Sprint Nextel and AT&T oppose a joint proposal put forward in the New York Public Service Commission’s proceeding on its state USF and intrastate access charges. The two major telcos have argued for months that intrastate access issues should be resolved in litigation, not as part of a multiparty negotiation. “There should be no further delays in reforming New York intrastate originating access rates,” Sprint said Friday in its comments to the PSC (http://xrl.us/bn9sqr), calling Verizon’s current proposal, introduced in November and attracting wide support, “an effort to delay reform further.” Parties who signed on to the November joint proposal include PSC staff, the New York State Department of State Utilities Intervention Unit, the Cable Telecom Association of New York, Verizon, Verizon Wireless, Frontier, Level 3, a group of smaller ILECs, Time Warner Cable, tw telecom and Windstream.
The November 2011 FCC USF order cost a rural Texas telco more than $500,000 in support, the company said. Hill Country Telephone Cooperative asked the Texas Public Utilities Commission for money from the state’s USF this fall to make up for the loss. “I've been in telecom for 34 years, and I find these days the most challenging of my career,” Hill Country General Manager Delbert Wilson told us. “This whole [FCC] transformation order has filled our industry with chaos and uncertainty."
The FCC mass-media agenda may be light in 2013, compared with work on USF and spectrum issues that will take up much of the eighth floor’s and many bureaus’ and offices’ attention, commission and industry officials predicted in interviews last week. They said Media Bureau staff may find the new year sharpens their focus on spectrum, with Chairman Julius Genachowski hoping to finish an order for the voluntary incentive auction by the end of next year. He would need rules for how to change the channels of stations that don’t agree to sell all or some of their frequencies.

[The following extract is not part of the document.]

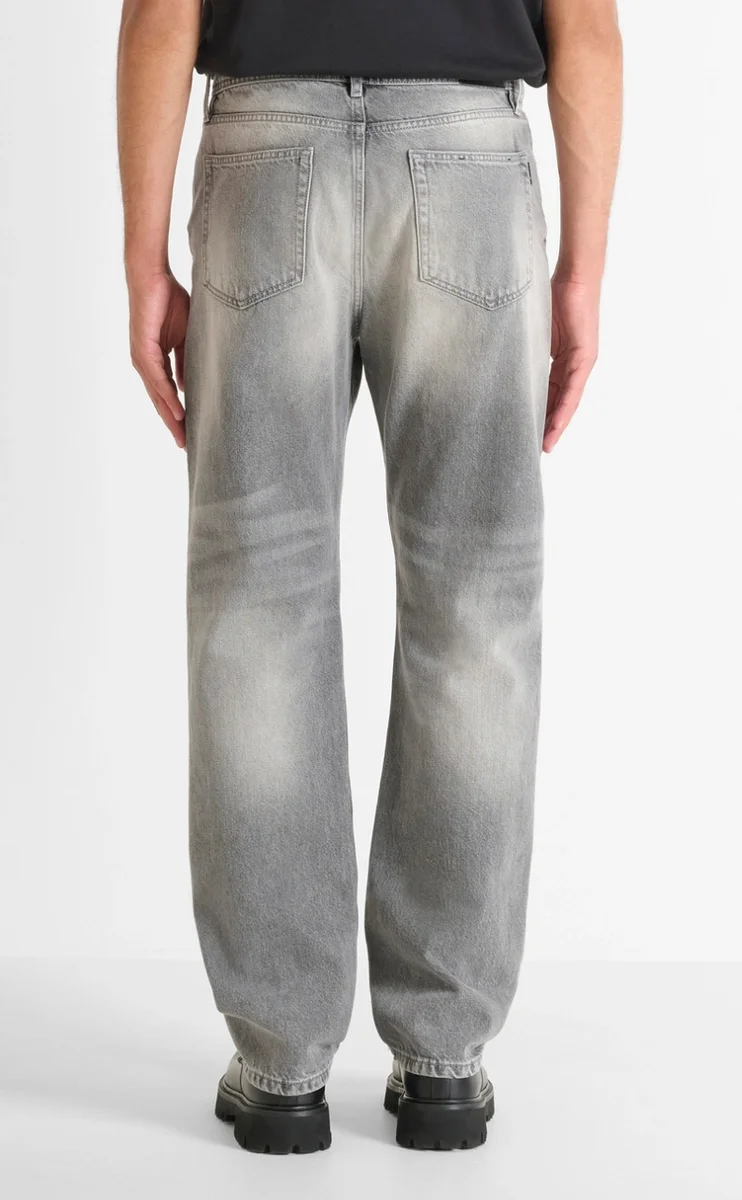 VAQUEROS MORATO FLARED STRAIGHT FIT «BRAD» EN DENIM NEGRO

Smart meters and smart grids should be excluded from assessable services that are subject to USF contributions, the National Rural Electric Cooperative Association, Edison Electric Institute, and Utilities Telecom Council told FCC Wireline Bureau officials Tuesday, an ex parte filing said (http://xrl.us/bnqofz). “Smart meters and smart grids are not interstate telecommunications or interstate telecommunications services, nor would the public interest be served by subjecting smart meters and smart grids to USF contributions,” the groups said. “Moreover, it would conflict with the regulatory authority of other agencies and would be administratively infeasible to collect USF from utility customers.” Excluding smart meters and smart grids would promote marketplace innovation, energy efficiency, reliability and security, they said.
Higher education is ready to work with the commission on a connections-based contribution system, or an adjusted revenues-based system, the nonprofit association Educause told FCC officials (http://xrl.us/bnodj9). Under a numbers-based regime, higher education would pay up to 20 times more in USF fees than under the current revenues-based system, Educause said. Without end-users from whom to recover these additional fees, the added funds would ultimately have to come from staff salaries, and reduced student services, the group said.
Recent news reports suggesting that the FCC may levy a new “tax” on Internet service are sparking a wave of negative reaction from both free market-oriented and public interest groups. Free Press has had longstanding concerns. On Tuesday, the free-market Heartland Institute joined in. But it remains unclear at this point how much support there is at the FCC for contribution reform or a move to broaden the program to place a fee on retail Internet access service.